The precepts of Crescimbeni bore good fruit, and both prose and poetry gradually freed themselves from the faults of taste so obvious in the preceding generation. Verse became lighter and more flowing, although there was, unhappily, no diminution of conventional phraseology or of mythological allusion. The comic poets were numerous and gifted. But, on the other hand, there was less seriousness and perhaps less originality. The influence of French Literature began to prevail, and it has not been shaken off even to the present day. The tyranny of governments was not quite so oppressive. Public opinion began to revolt against the most flagrant abuses, and a succession of enlightened sovereigns and statesmen carried into practice the enlightened philanthropy of Voltaire and the sentimental philanthrophy of Rousseau. Indeed, all over Europe, there was a desire, in the second half of the Eighteenth Century, to promote the welfare of the people, such as was never evinced in the age of Davila or of Filicaia.
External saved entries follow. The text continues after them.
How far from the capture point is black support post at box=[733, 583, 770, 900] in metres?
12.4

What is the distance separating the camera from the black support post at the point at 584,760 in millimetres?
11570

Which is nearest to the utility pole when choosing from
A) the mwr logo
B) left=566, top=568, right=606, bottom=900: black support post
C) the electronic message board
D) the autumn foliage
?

Louis XVI and Turgot in France, Charles III and Aranda in Spain, Pombal in Portugal, the Grand Duke Leopold in Tuscany, were all zealous in the cause of humanity and enlightenment. It seemed even to acute observers that a golden age was awaiting the human race. Unhappily, the horrors and crimes of the French Revolution rudely dispelled these pleasing visions and produced a reaction, the effects of which threw back the progress of humanity for many generations. It is heart-breaking to think how different the development of Europe might have been, had the extreme section of the French Republicans been kept in subordination and had Roland guided the destinies of France instead of Robespierre.
The conquests of Napoleon completed what the Reign of Terror had begun. Old abuses were swept away, but only to make way for tyranny more hopeless and relentless. The loss of life and treasure was enormous, and the decline in the wealth of Italy became more conspicuous than ever.
Authors fared somewhat badly during this century. Princes, probably following the example of the frivolous Court of Louis XV, no longer even pretended to encourage science and literature. We hear of no poet receiving even the precarious and capricious patronage bestowed upon Tasso and Ariosto. Metastasio was the only poet who basked in the sunshine of Royal favour, and he owed his prosperity to the Court of Vienna, and not to the Court of Sardinia, or of Naples. The patronage of the great was withdrawn, and that of the public had hardly begun. Thus writers, unless possessed of ample means, had bitter struggles with poverty and obscurity. Some, like Muratori and Parini, entered the Church and became monks or abbés. Others, like Baretti and Algarotti, sought their fortune in foreign lands. The impudent piracy of books, and the unauthorised performance of plays deprived even popular authors of the reward of their labours. Goldoni, after spending many years in producing comedies that deserved and obtained applause, was glad to find an asylum in France as reader of Italian to the three daughters of Louis XV.
The great merit of the Eighteenth Century, in Italy as elsewhere, was its light-heartedness and humanity; the great defect, its materialism and frivolity. Indeed, it would be hard to conceive a more enervating atmosphere than surrounded many Italian poets, especially in the earlier part of the Century; and unhappily, the numerous literary Academies, instituted all over the Peninsula, instead of arresting the evil, positively aggravated it, as they devoted their attention, with few exceptions, to subjects and thoughts of the most trifling description. This frivolity is not wholly absent even from the works of Metastasio, one of the most delightful poets that Italy ever produced.